**WHAT YOU WILL DO**
An exact copy of the entries is required, excluding any pictures.

**MATERIAL PROVIDED**

• • •

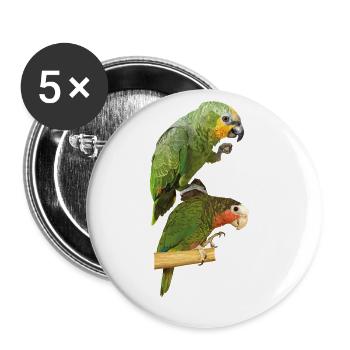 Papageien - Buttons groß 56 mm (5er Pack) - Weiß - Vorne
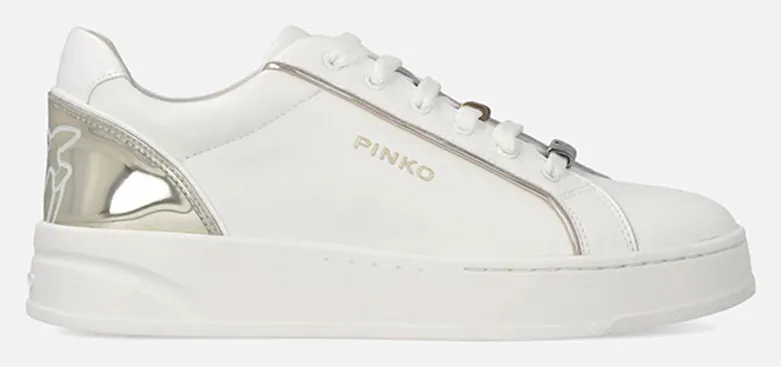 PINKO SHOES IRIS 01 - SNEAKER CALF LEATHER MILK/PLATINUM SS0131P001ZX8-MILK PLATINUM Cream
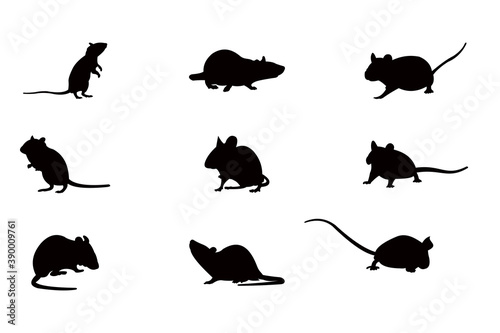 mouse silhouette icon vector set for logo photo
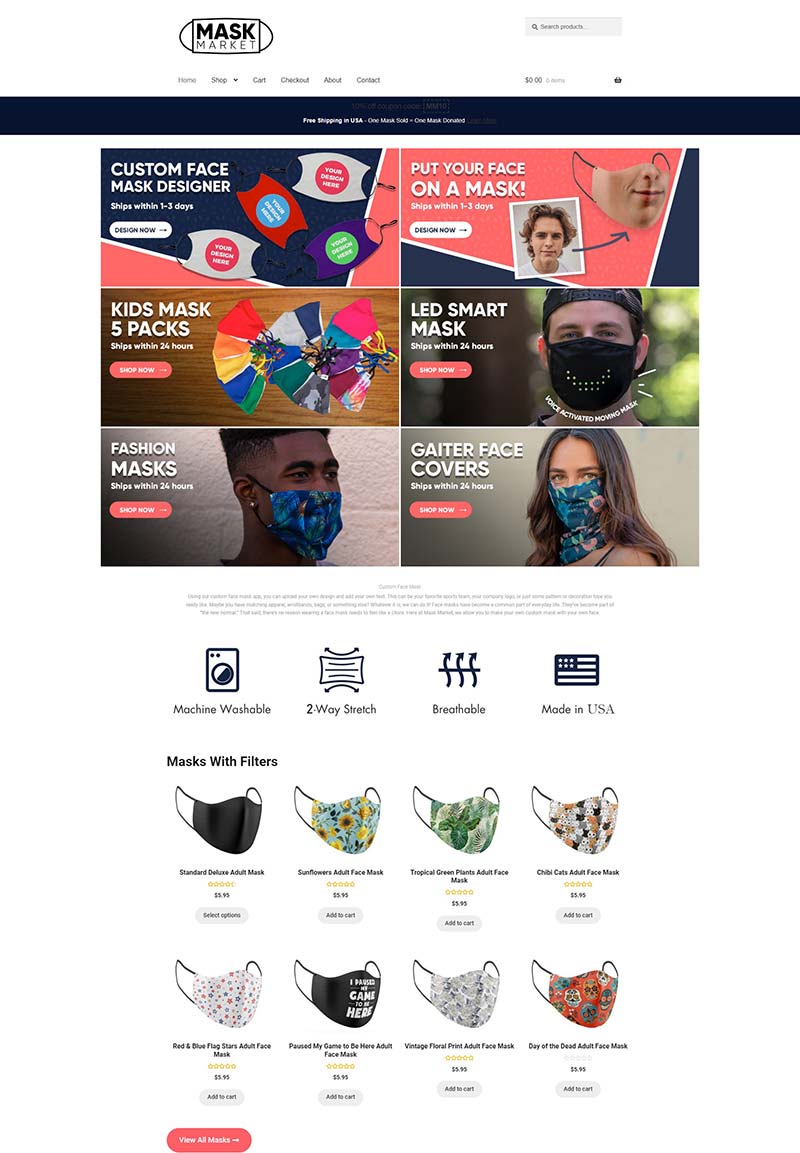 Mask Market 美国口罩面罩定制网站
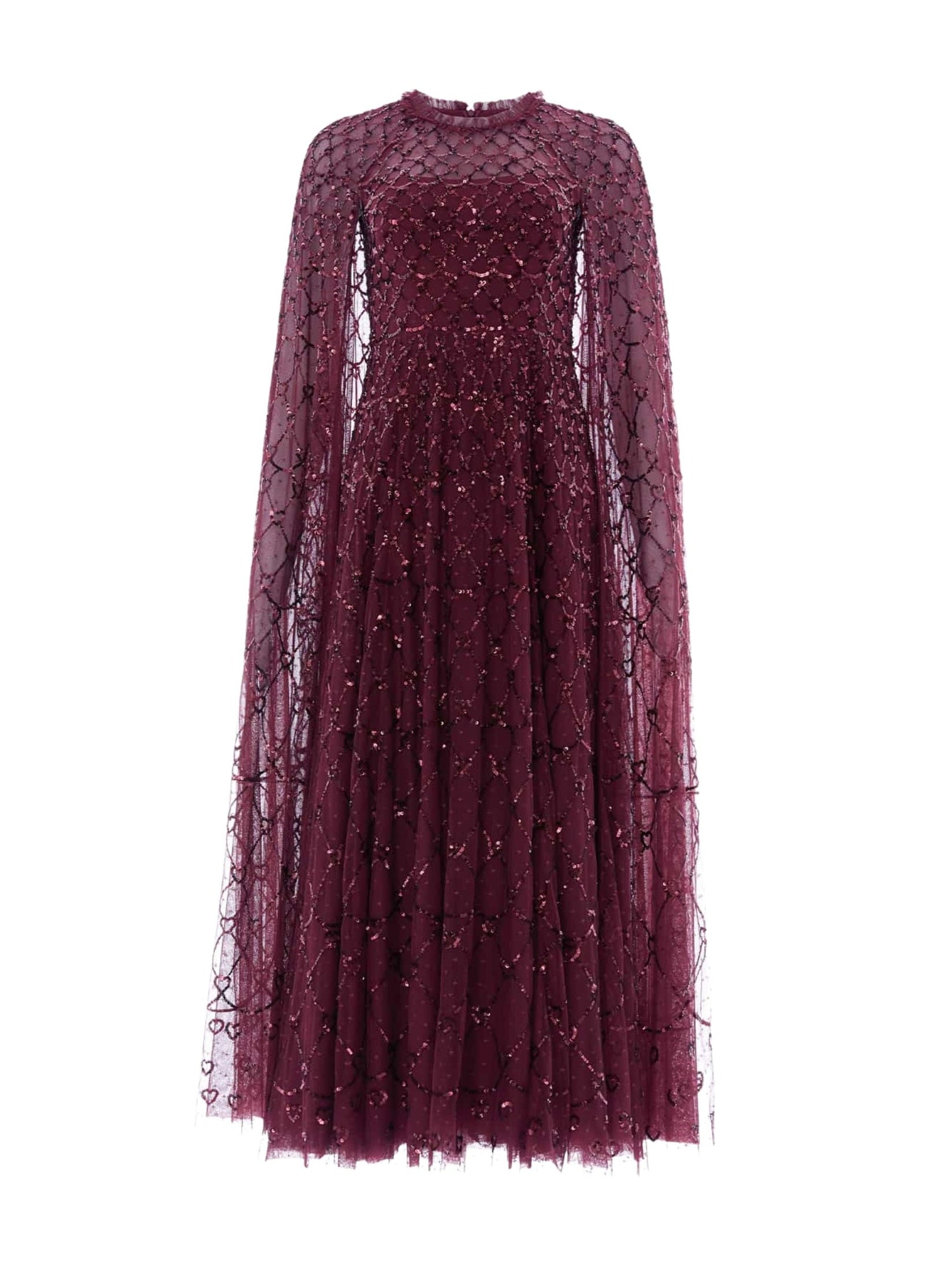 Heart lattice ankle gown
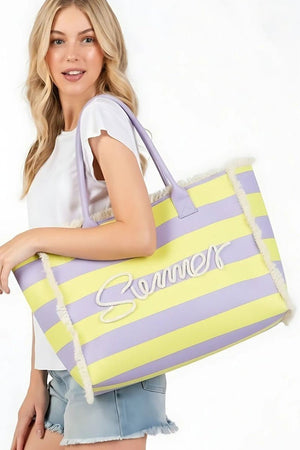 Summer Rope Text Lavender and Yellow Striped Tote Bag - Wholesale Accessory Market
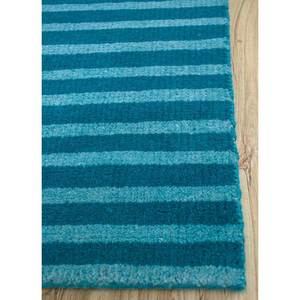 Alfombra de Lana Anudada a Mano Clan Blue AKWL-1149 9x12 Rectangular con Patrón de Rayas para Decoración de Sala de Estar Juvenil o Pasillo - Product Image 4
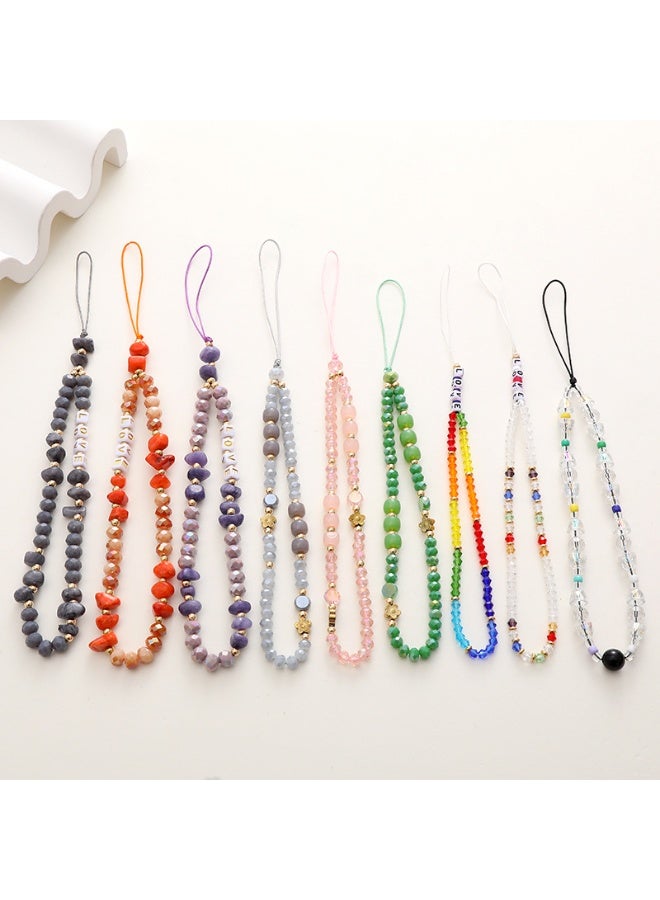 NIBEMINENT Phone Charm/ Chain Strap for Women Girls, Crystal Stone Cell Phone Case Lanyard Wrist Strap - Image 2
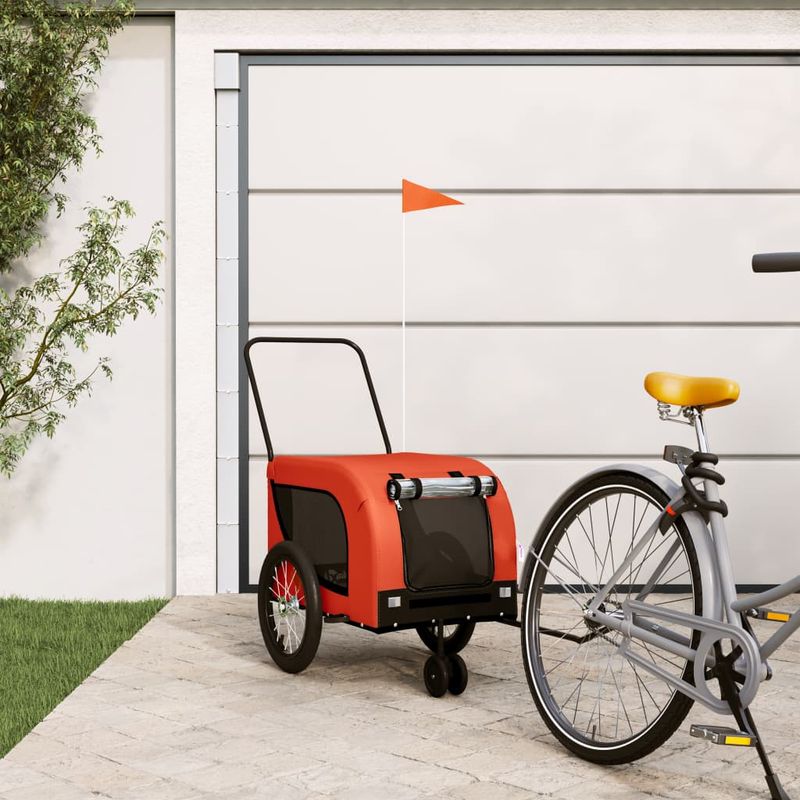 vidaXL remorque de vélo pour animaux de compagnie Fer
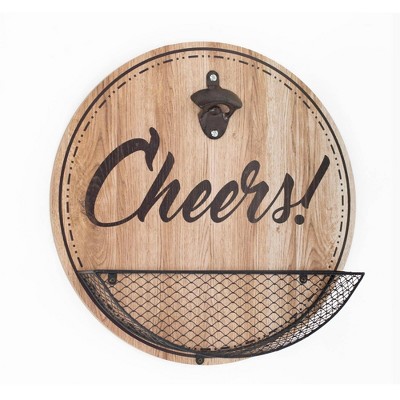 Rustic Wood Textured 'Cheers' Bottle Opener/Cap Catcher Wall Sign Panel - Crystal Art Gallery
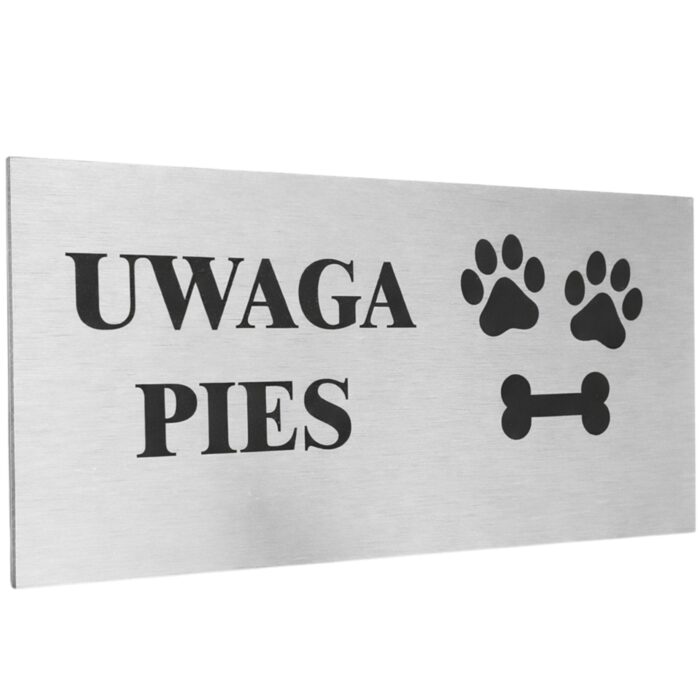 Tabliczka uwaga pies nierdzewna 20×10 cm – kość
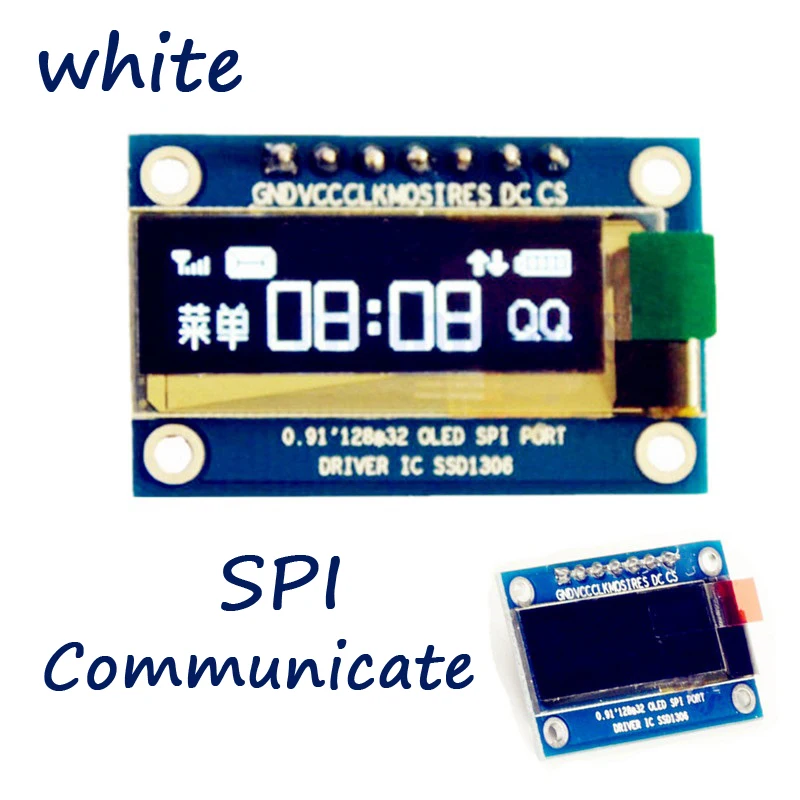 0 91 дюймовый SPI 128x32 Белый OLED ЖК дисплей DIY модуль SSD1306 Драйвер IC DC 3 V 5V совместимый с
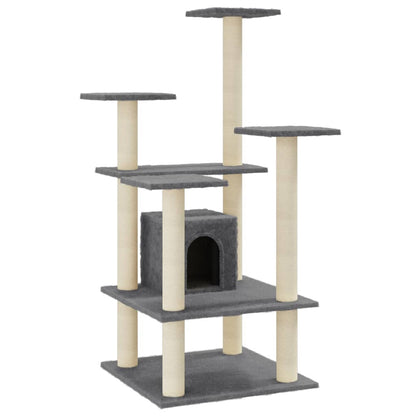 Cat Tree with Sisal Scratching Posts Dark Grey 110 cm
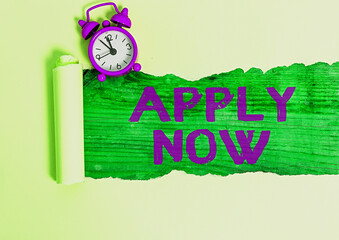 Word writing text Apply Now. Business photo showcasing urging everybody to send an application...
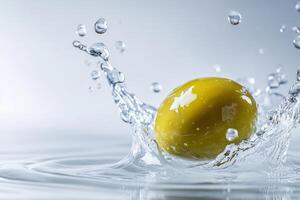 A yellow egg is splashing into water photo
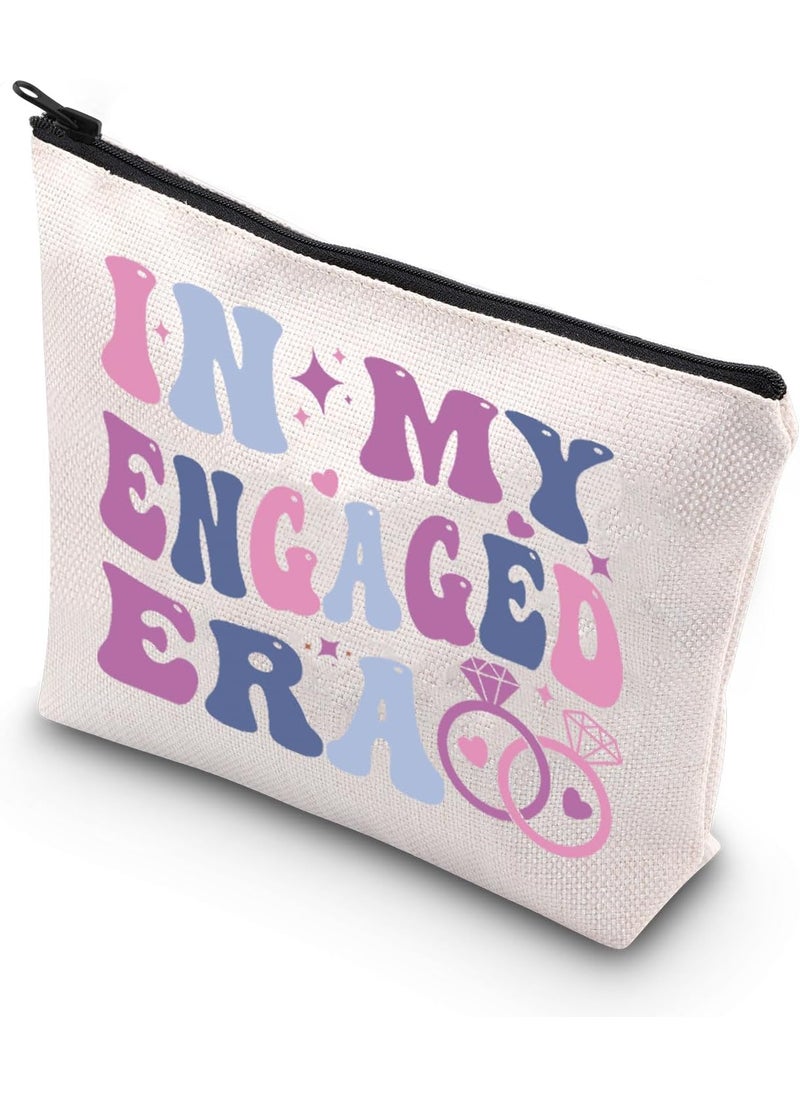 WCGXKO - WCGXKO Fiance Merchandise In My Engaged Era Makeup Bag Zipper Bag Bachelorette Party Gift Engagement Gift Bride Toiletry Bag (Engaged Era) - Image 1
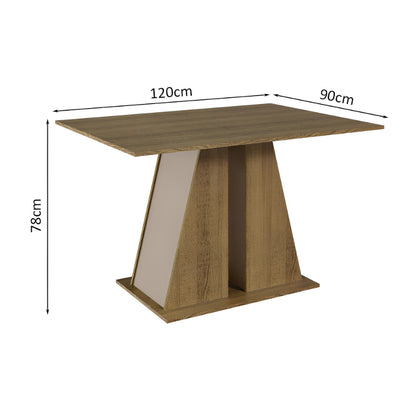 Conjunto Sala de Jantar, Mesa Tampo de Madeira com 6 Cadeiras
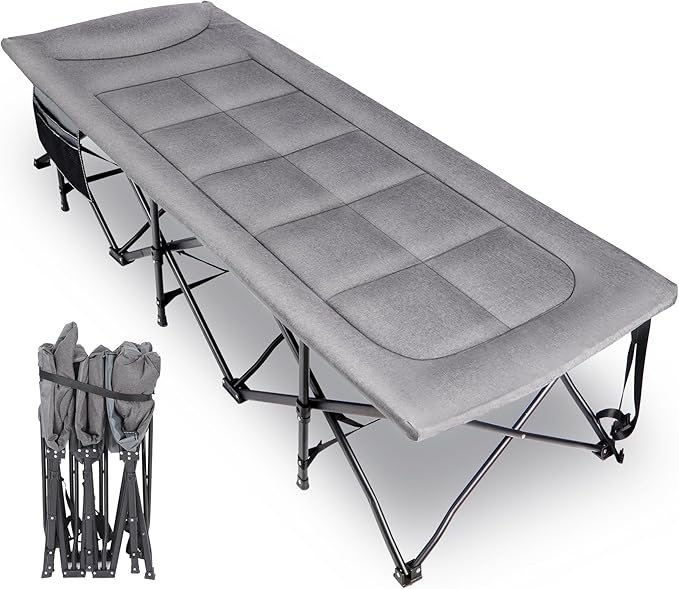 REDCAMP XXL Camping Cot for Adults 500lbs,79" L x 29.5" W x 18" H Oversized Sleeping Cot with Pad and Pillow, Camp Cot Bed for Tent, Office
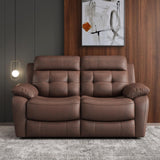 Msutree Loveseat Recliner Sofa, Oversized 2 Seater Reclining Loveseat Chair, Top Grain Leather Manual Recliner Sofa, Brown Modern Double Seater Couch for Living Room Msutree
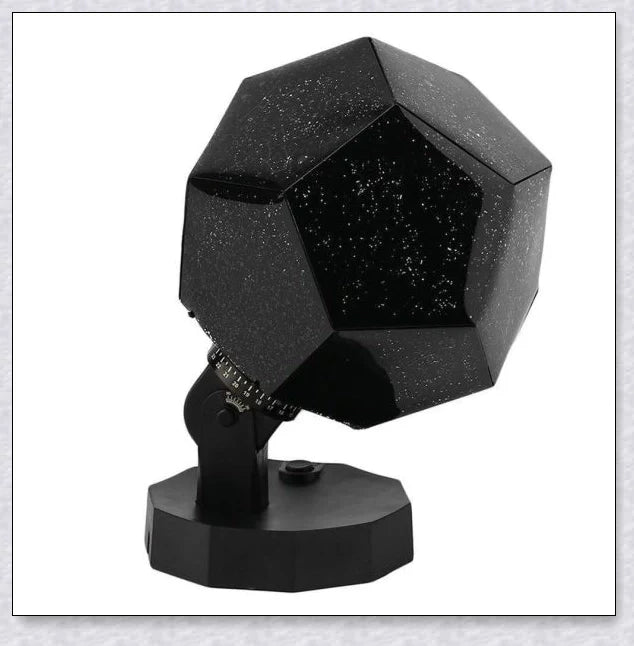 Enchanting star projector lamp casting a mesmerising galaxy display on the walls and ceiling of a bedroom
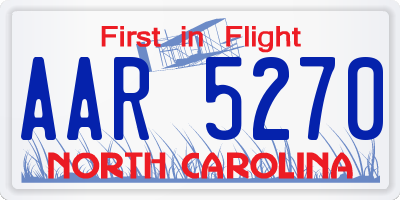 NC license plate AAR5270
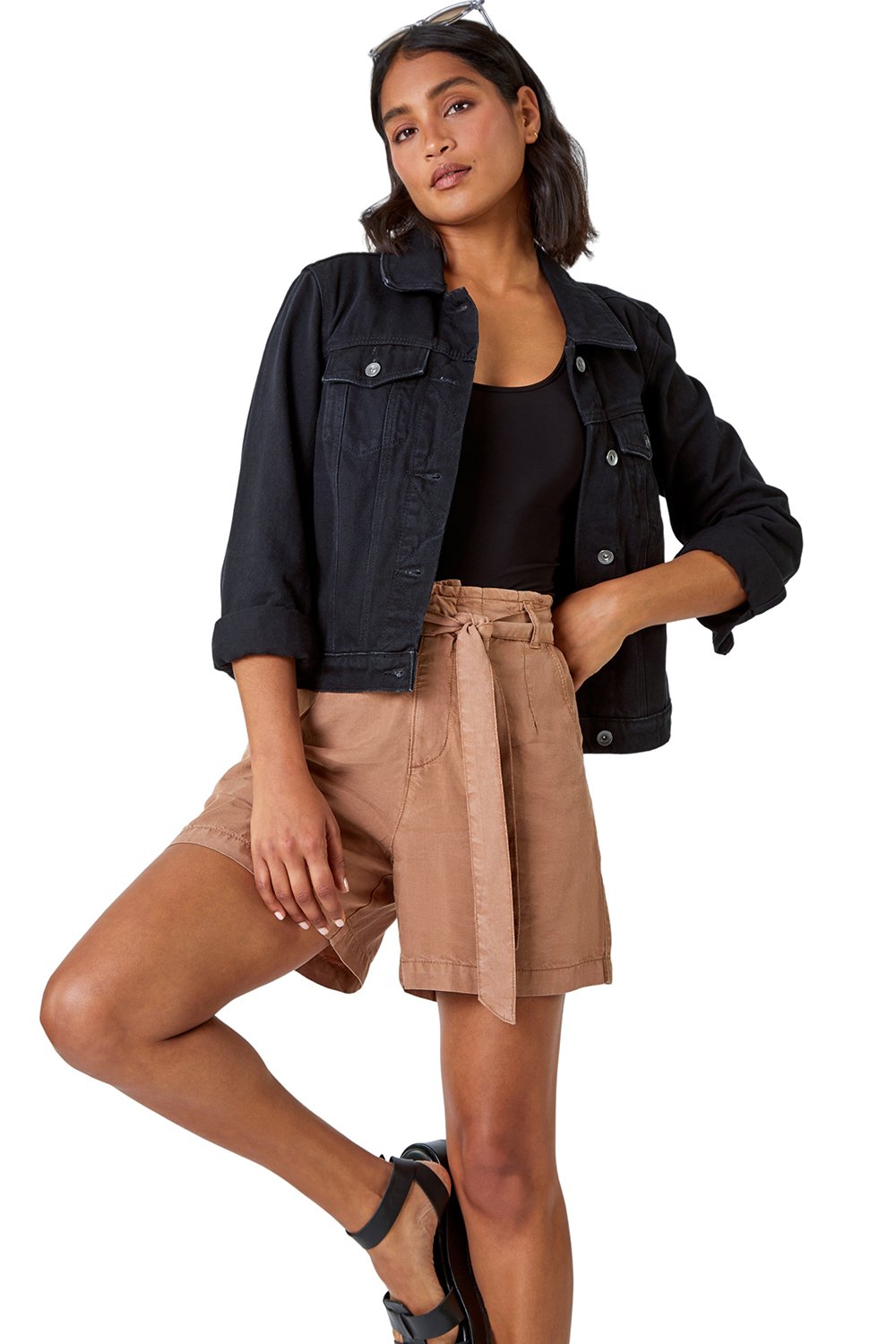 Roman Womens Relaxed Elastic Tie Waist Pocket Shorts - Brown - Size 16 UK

• • •

**TASK ANSWER**
 Papageien - Buttons groß 56 mm (5er Pack) - Weiß - Vorne
 PINKO SHOES IRIS 01 - SNEAKER CALF LEATHER MILK/PLATINUM SS0131P001ZX8-MILK PLATINUM Cream
 mouse silhouette icon vector set for logo photo
 Mask Market 美国口罩面罩定制网站
 Heart lattice ankle gown
 Summer Rope Text Lavender and Yellow Striped Tote Bag - Wholesale Accessory Market
 Alfombra de Lana Anudada a Mano Clan Blue AKWL-1149 9x12 Rectangular con Patrón de Rayas para Decoración de Sala de Estar Juvenil o Pasillo - Product Image 4
 NIBEMINENT Phone Charm/ Chain Strap for Women Girls, Crystal Stone Cell Phone Case Lanyard Wrist Strap - Image 2
 vidaXL remorque de vélo pour animaux de compagnie Fer
 Rustic Wood Textured 'Cheers' Bottle Opener/Cap Catcher Wall Sign Panel - Crystal Art Gallery
 Tabliczka uwaga pies nierdzewna 20×10 cm – kość
 0 91 дюймовый SPI 128x32 Белый OLED ЖК дисплей DIY модуль SSD1306 Драйвер IC DC 3 V 5V совместимый с
 Cat Tree with Sisal Scratching Posts Dark Grey 110 cm
 Word writing text Apply Now. Business photo showcasing urging everybody to send an application...
 A yellow egg is splashing into water photo
 WCGXKO - WCGXKO Fiance Merchandise In My Engaged Era Makeup Bag Zipper Bag Bachelorette Party Gift Engagement Gift Bride Toiletry Bag (Engaged Era) - Image 1
 Conjunto Sala de Jantar, Mesa Tampo de Madeira com 6 Cadeiras
 REDCAMP XXL Camping Cot for Adults 500lbs,79" L x 29.5" W x 18" H Oversized Sleeping Cot with Pad and Pillow, Camp Cot Bed for Tent, Office
 Msutree Loveseat Recliner Sofa, Oversized 2 Seater Reclining Loveseat Chair, Top Grain Leather Manual Recliner Sofa, Brown Modern Double Seater Couch for Living Room Msutree
 Enchanting star projector lamp casting a mesmerising galaxy display on the walls and ceiling of a bedroom
 NC license plate AAR5270
 Roman Womens Relaxed Elastic Tie Waist Pocket Shorts - Brown - Size 16 UK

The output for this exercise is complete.